Review Your Finances and Spending Habits
Diapers, formula, clothes and well-baby doctor visits will run a few hundred dollars a month. Add what you already spend on housing, groceries, utilities, transportation and healthcare. To help determine if you can afford to have one parent stay home, develop two budgets: one assuming both parents working and one with one income earner.
Remember to factor in saving for emergencies, retirement and education. Evaluate the costs of converting a wage earner to a stay-at-home caregiver by comparing actual expenses for working (childcare, commuting, parking, lunches out, clothing, etc.) against what you can save by staying at home (lower transportation costs, fewer restaurant meals, etc.). Take into account your work schedule, location, job stress and desire to work vs. staying at home.
If you both are returning to work, a big line item will be childcare. The average cost of daycare in the U.S. is just under $12,000 per year, according to the National Association of Child Care Resource and Referral Agencies. Live-in nannies can easily double this expense.

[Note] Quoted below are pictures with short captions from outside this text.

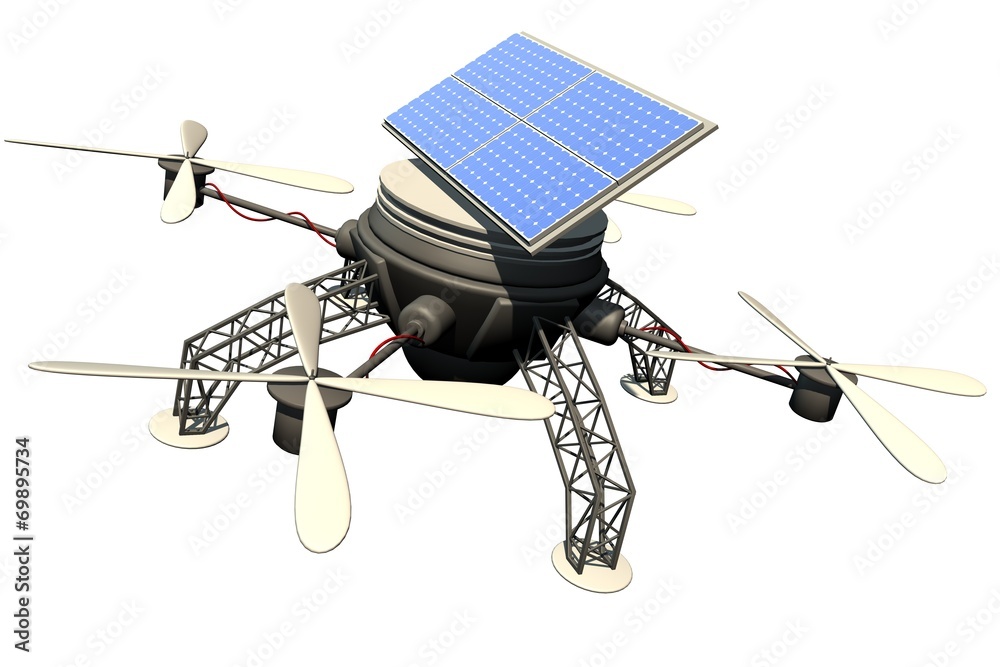 Vliegende drone met pv panelen Stock Photo | Adobe Stock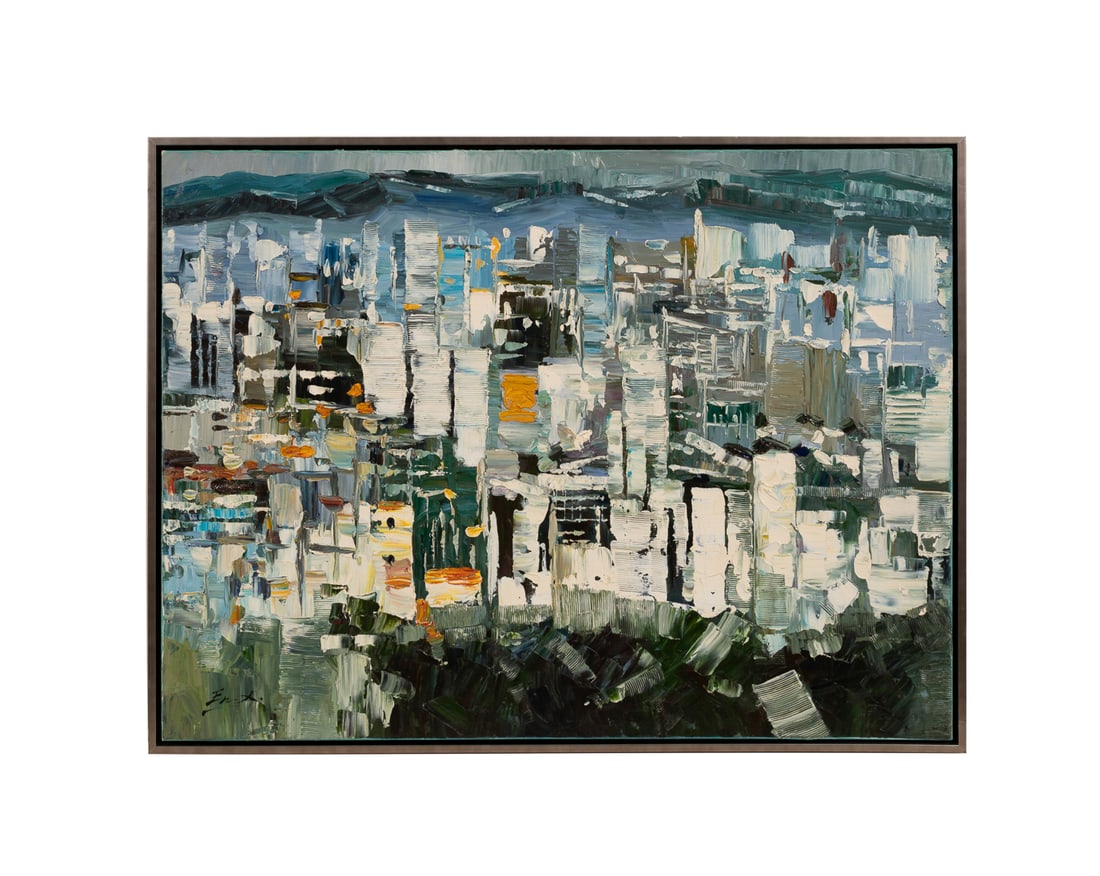 American School, Cityscape, 21st C., O/C: Untitled (Cityscape) Oil on canvas American school, 21st century. Signed "En. X." to LL. Framed. Canvas: 30 x 40 in. (76.2 x 101.6 cm.), Frame: 31 3/8 x 41 1/4 x 2 1/2 in. (79.7 x 104.8 x 6.4 cm.)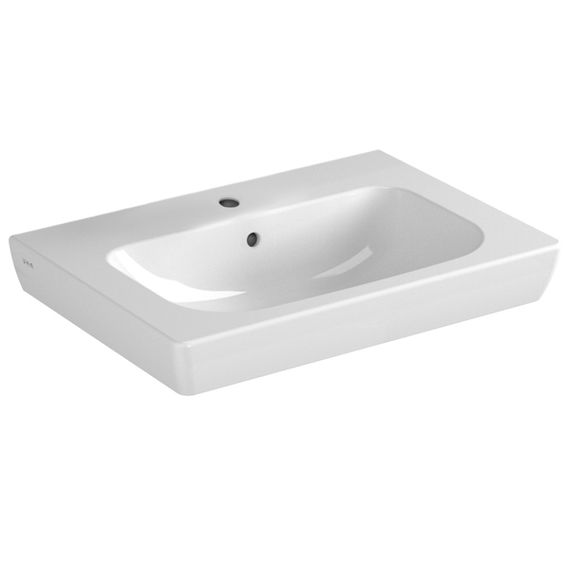 sanibel 3001 Wandwaschtisch B: 650 T: 460 mm, weiß, mit Glasur HYGIENE, mit 1 Hahnloch, mit Überlauf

If you are your spouse quits work to stay at home, you won’t have childcare expenses, but, of course, you’ll lose the second income. Practice living on one wage before your baby arrives to test your budget. Remember, staying at home is not cheap, either. Utility and grocery costs will be higher. Also, many stay-at-home parents seek classes and outings with other parents to break up the monotony.
Be sure to recognize nonfinancial conveniences as well, such as the stay-at-home parent being able to handle healthcare provider visits and health emergencies more quickly than a parent working away from home.
Who Will Be Minding Your Child?
Deciding whether your child will be cared for at a daycare center or by a nanny or au pair is not only an emotional choice, but a financial one as well. Weigh the costs, convenience and your comfort level with various quality childcare options. Are family members or friends available to help? Find out if your employer offers a dependent-care flexible spending account. This allows you to set aside up to $5,000 a year of pre-tax income for childcare while you or your spouse work, look for work or attendant school full time. However, if your household income is less than $43,000, you may save more money electing for the dependent-care credit on your income tax return. Consult a tax advisor to see which option is best for you.
Ask your employer if you can work remotely. If this isn’t an option and you are anxious about potentially losing employment skills, consider freelance projects, consulting or volunteering in your field. Also, stay connected to your peers via social media platforms.
Staying at home or returning to work doesn’t have to be a permanent choice. If what you’re doing doesn’t work for you and your family (not just financially — you may not feel intellectually stimulated staying at home, for example), you can always make adjustments as needed.